Kapoor, who co-founded Snapfish, a photo sharing site acquired by Hewlett-Packard Co in 2005, said it makes sense for start-up companies building new types of services on the Internet to concentrate on acquiring users and engaging them.
“If you don’t have any users, who cares if you’ve figured out monetization,” he said.
For larger companies, whose businesses are being transformed by the Internet, the lack of a business model is of increasing concern.
Social networking services such as Twitter and Facebook have evolved from avant-garde Web services into media phenomena in their own right, competing with long-established players for consumer attention. Apple Inc’s iPhone and the mobile software applications that run on the device have extended the reach of the Internet into consumers’ lives.
Facebook has more than 200 million active users, double the amount it had in August, while traffic to the Twitter website surged roughly 83 percent from the month before to 17 million unique visitors in April, according to comScore.
NBC Universal President Jeff Zucker told the audience at the conference his company was committed to distributing its television content through popular online channels, even potentially a social networking site such as Facebook.
But he said that for the Web to match the television as a viable medium for professional video content, Internet business models need to evolve to cover the cost structure necessary to produce such programing.
“These programs will be watched on television, online and many different platforms. But the question is how do we get paid for it,” said Zucker.

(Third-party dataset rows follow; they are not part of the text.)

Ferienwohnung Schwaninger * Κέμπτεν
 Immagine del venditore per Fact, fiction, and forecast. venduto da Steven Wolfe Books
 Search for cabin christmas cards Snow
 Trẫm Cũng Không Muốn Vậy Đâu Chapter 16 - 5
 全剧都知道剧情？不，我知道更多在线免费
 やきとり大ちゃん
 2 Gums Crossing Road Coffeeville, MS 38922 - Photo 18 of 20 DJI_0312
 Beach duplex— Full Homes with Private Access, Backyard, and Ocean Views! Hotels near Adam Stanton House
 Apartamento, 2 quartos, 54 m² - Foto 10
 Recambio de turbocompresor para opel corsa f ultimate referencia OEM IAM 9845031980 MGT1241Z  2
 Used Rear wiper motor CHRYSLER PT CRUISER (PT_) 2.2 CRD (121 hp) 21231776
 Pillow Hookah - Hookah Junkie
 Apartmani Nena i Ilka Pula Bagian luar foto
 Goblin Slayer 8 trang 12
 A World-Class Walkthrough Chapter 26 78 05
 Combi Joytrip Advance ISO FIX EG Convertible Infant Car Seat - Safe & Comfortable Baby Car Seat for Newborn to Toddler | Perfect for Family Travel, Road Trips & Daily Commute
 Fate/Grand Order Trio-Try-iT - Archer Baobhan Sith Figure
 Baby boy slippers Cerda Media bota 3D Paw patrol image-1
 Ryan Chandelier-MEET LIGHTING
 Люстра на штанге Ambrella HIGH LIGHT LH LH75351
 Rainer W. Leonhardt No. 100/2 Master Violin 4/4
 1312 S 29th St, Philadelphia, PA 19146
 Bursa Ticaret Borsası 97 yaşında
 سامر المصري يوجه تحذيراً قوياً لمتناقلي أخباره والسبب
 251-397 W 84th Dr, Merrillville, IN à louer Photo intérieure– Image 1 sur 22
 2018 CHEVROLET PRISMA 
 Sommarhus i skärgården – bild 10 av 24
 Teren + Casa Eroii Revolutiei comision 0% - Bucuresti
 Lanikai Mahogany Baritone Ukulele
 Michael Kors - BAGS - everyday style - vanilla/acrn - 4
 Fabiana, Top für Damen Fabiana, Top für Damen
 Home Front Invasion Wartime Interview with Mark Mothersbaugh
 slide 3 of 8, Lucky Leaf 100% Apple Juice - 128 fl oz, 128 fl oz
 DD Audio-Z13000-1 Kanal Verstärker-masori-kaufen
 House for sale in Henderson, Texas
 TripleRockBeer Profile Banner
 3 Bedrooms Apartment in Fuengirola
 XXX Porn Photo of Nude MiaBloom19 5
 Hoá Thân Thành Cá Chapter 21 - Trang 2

Whatever Zucker’s misgivings, NBC is not risking being left behind and continues to put resources into the Internet.
Hulu.com, the fast-growing video website co-owned by NBC, News Corp and Walt Disney Co, introduced Hulu Labs last week, which offers users new tools to enhance the online video experience, including a recommendation engine and a desktop PC video viewing application.
When asked at the conference when Hulu.com would be profitable, Zucker replied “soon.”
The champion of the new breed of Internet companies, Twitter, got top billing at the event. Co-founders Biz Stone and Evan Williams described various new product features and money-making initiatives under development, but acknowledged that the key revenue source for the company in a couple of years remains unknown.
“We have to bake into our plans the fact that we don’t know,” said Stone.
As it is, Twitter and Facebook are considered so integral to the modern Internet landscape that other companies are increasingly incorporating social media into their own product plans.
Palm Inc’s forthcoming Pre smartphone will feature a built-in “universal search” feature that allows consumers to dig through Twitter messages directly from the handset. Yahoo Inc plans to rejuvenate its family of online products and services with new social features.
Yahoo executives at the conference also pointed to the importance of free, custom-built software applications for the iPhone and other smartphones, while Nokia CEO Olli- Pekka Kallasvuo showcased Ovi, his company’s answer to the Apple iPhone App Store.
And Microsoft CEO Steve Ballmer vowed to unleash a large marketing budget -- pegged at $80 million to $100 million by Advertising Age -- to promote the company’s new search engine, even as the software firm’s online business continues to lose money.
Georges Nahon, the CEO of Orange Labs, a division of France Telecom SA, said most of the products on display at the conference were examples of companies adapting their businesses to existing trends, rather than true innovations.
Nahon forecast that the real technological breakthroughs would come 12 to 18 months from now, from college kids who are not even on the radar of the established corporations.
For businesses trying to crack the code to a profitable online model, that could mean another trip back to the drawing board.